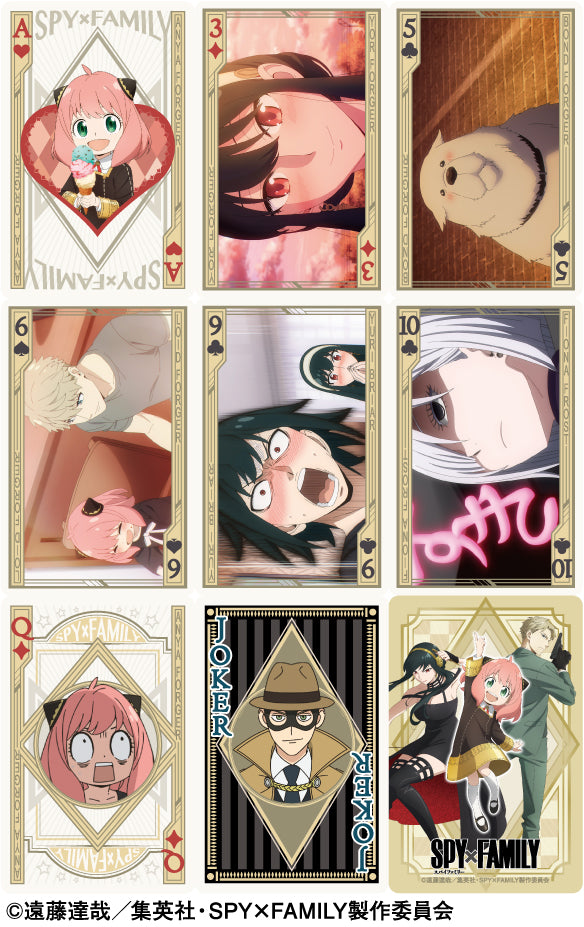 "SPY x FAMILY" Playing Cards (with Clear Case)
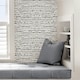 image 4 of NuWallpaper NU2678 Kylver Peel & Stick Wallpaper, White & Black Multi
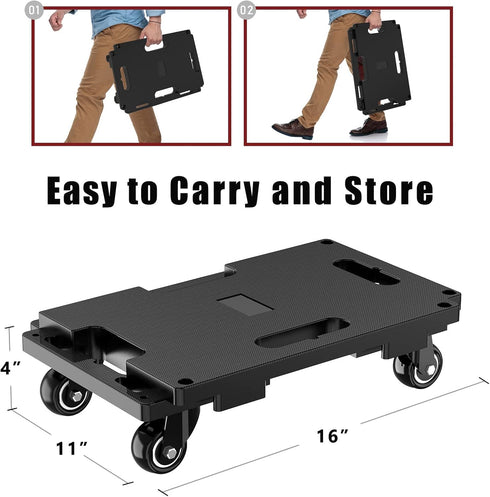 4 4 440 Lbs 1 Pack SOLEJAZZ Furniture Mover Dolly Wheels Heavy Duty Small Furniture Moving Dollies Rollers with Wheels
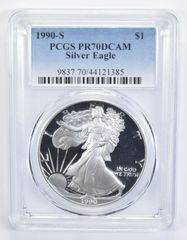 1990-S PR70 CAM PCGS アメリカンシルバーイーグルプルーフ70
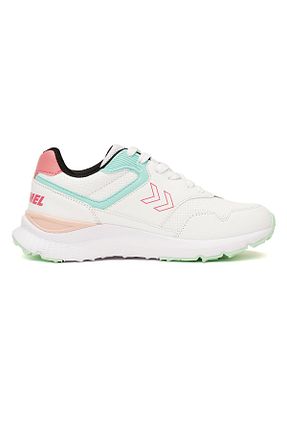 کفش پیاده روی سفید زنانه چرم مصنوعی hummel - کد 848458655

Problem to solve
Return the entries unchanged, save for the pictures, which do not belong in the copy.

Output below
 "SPY x FAMILY" Playing Cards (with Clear Case)
 image 4 of NuWallpaper NU2678 Kylver Peel & Stick Wallpaper, White & Black Multi
 4 4 440 Lbs 1 Pack SOLEJAZZ Furniture Mover Dolly Wheels Heavy Duty Small Furniture Moving Dollies Rollers with Wheels
 1990-S PR70 CAM PCGS アメリカンシルバーイーグルプルーフ70
 کفش پیاده روی سفید زنانه چرم مصنوعی hummel - کد 848458655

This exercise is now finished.